Para Ângela Laranja, participar em feiras culturais representa uma oportunidade de aproximar a marca do público, fortalecer o negócio e inspirar outras mulheres a investirem no empreendedorismo criativo. No âmbito das celebrações do Dia da Mulher Africana, deixou ainda uma mensagem de encorajamento às angolanas, apelando à resiliência, persistência e determinação para conquistarem espaços de liderança em diferentes sectores da sociedade.
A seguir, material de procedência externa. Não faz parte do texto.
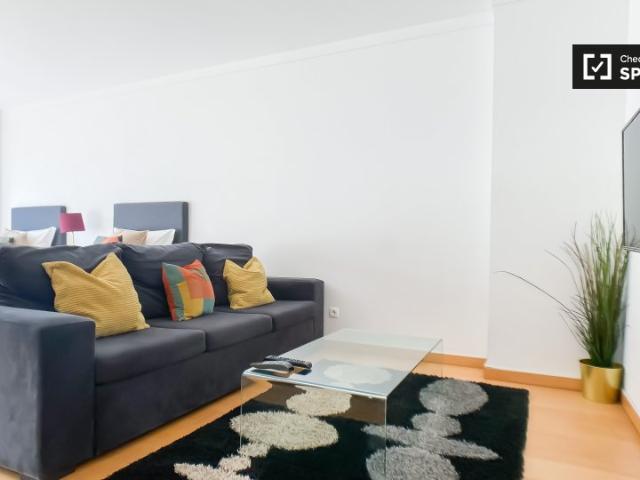 Apartamento de 2 quartos para alugar em Moscavide, Lisboa
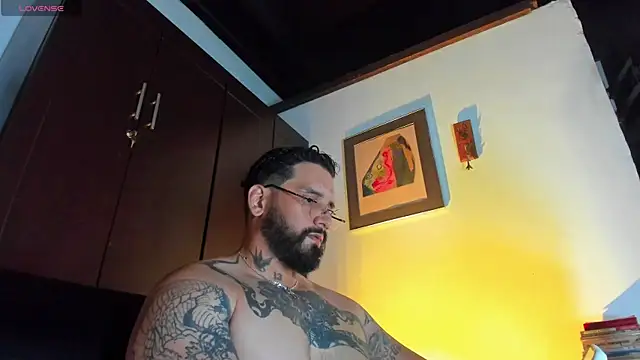 CamiloGray  online show from May 2026 03:39:02 PM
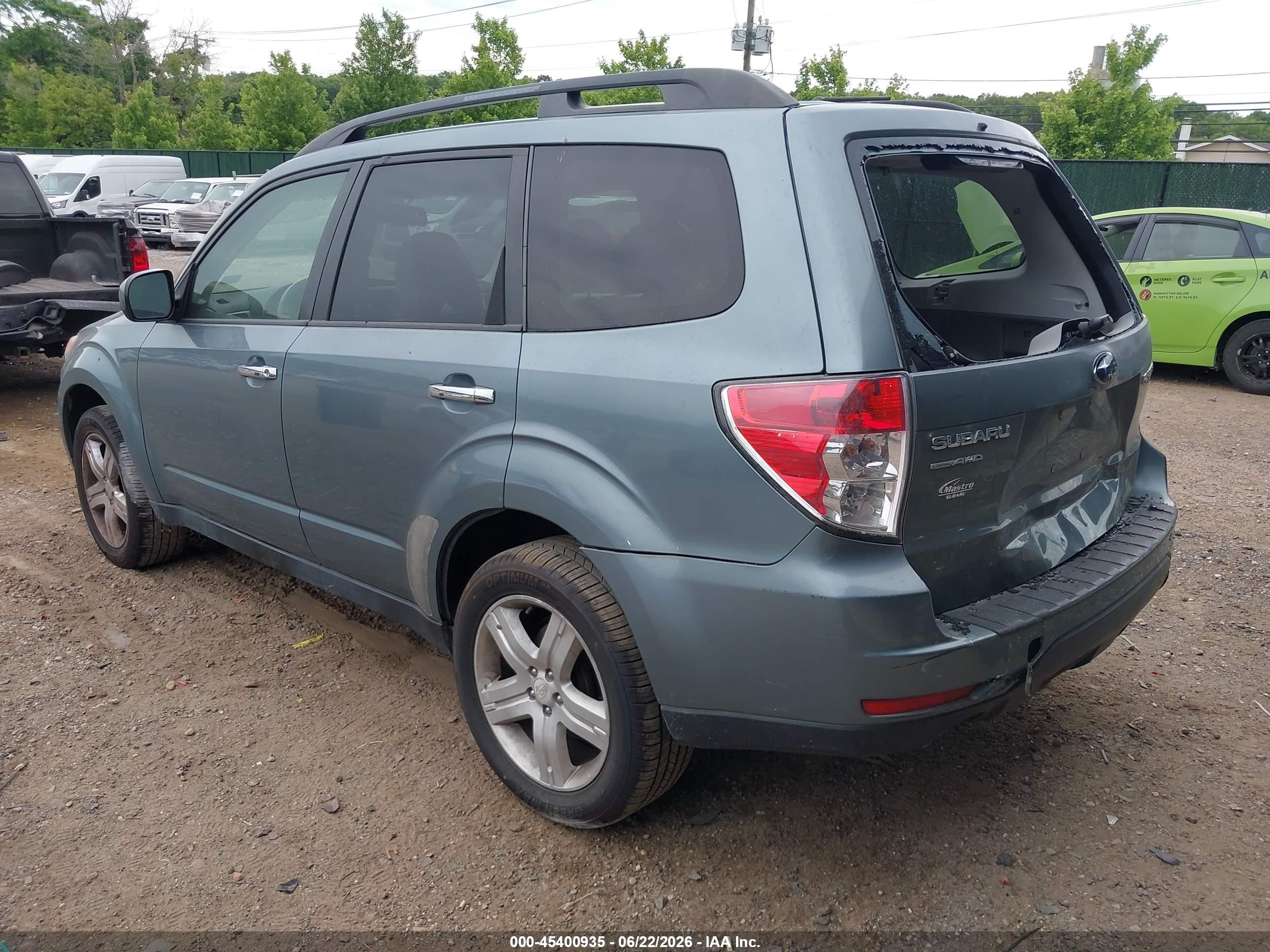 2010 Subaru Forester 2.5x Limited Gray vin: JF2SH6DC2AH791418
Ao longo da mostra, as peças apresentadas evidenciaram a capacidade de inovação da moda africana contemporânea, conciliando elementos tradicionais com propostas actuais e reafirmando o vestuário de inspiração africana como uma poderosa expressão da identidade cultural do continente. A forte adesão do público confirmou, igualmente, o interesse crescente pelos produtos artesanais e pela valorização do talento nacional.

Promovida pelo Palácio de Ferro, em parceria com a Agência Nacional das Indústrias Culturais e Criativas (ANICC), a quarta edição da MOCCO reforçou o seu compromisso com a valorização da moda angolana, da formação técnica e do empreendedorismo criativo, consolidando-se como uma plataforma essencial para impulsionar os artistas, artesãos e criadores que mantêm viva a riqueza cultural de Angola.